What to work on
Below is a listing. Return the lines from the one that contains "Paper Towels Rolls" to the one that contains "Adesivo Redondo Wassa", both ends included, verbatim and with no pictures.

Data supplied
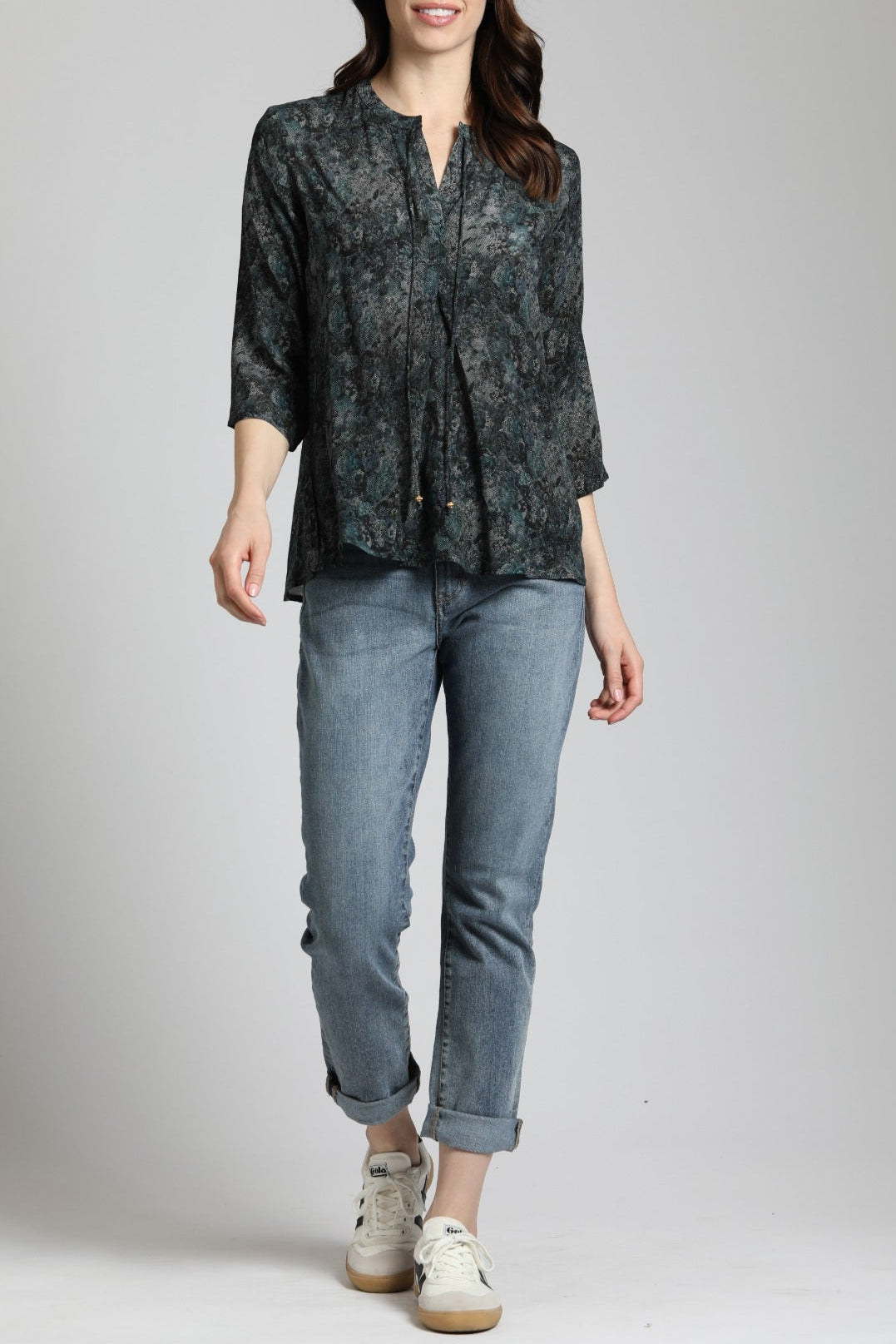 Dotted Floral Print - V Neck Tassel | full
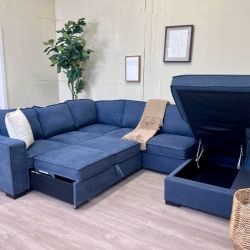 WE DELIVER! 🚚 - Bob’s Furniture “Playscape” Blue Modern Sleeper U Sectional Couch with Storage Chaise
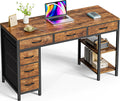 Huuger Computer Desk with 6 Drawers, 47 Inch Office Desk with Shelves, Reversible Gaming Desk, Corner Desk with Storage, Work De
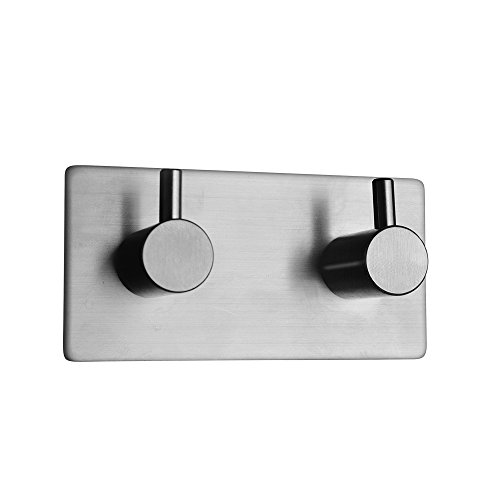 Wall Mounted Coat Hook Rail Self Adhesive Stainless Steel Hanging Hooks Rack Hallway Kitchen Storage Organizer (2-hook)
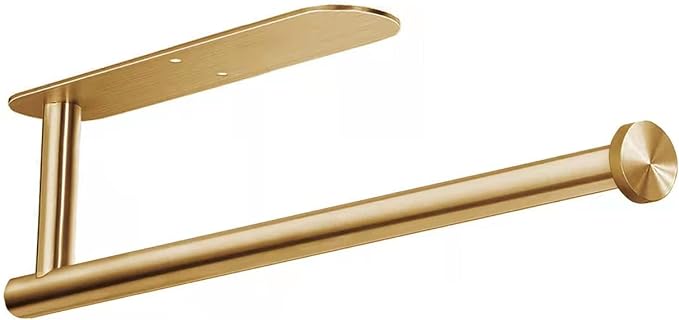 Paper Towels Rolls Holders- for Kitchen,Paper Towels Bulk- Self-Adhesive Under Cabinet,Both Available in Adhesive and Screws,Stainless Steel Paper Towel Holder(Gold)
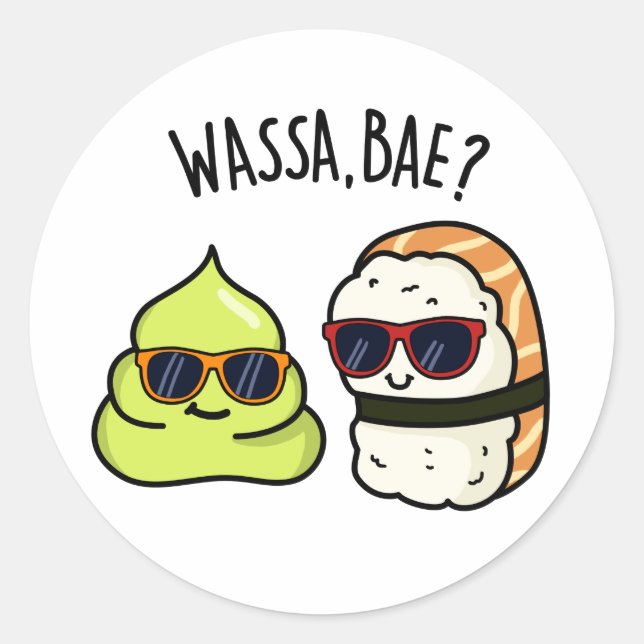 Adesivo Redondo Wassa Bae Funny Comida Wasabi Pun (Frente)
--
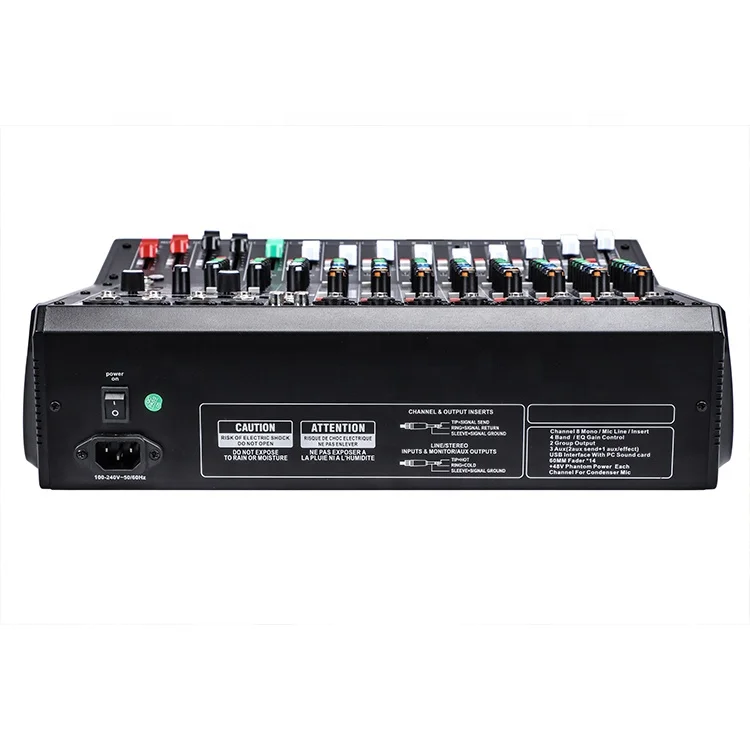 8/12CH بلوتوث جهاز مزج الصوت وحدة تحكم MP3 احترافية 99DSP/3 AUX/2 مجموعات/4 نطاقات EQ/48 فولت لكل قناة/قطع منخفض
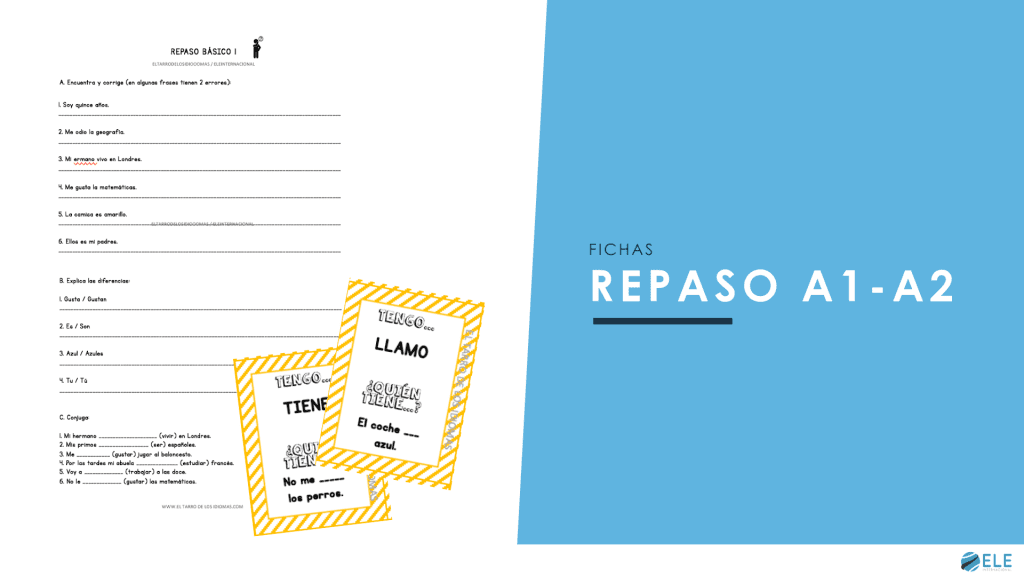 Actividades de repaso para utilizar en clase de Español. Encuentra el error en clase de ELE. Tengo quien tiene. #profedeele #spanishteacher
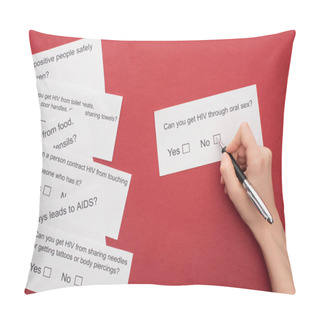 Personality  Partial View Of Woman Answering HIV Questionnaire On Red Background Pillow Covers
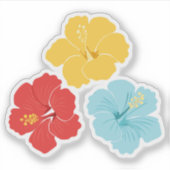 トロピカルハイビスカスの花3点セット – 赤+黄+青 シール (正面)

Exercise answer
 Paper Towels Rolls Holders- for Kitchen,Paper Towels Bulk- Self-Adhesive Under Cabinet,Both Available in Adhesive and Screws,Stainless Steel Paper Towel Holder(Gold)
 Adesivo Redondo Wassa Bae Funny Comida Wasabi Pun (Frente)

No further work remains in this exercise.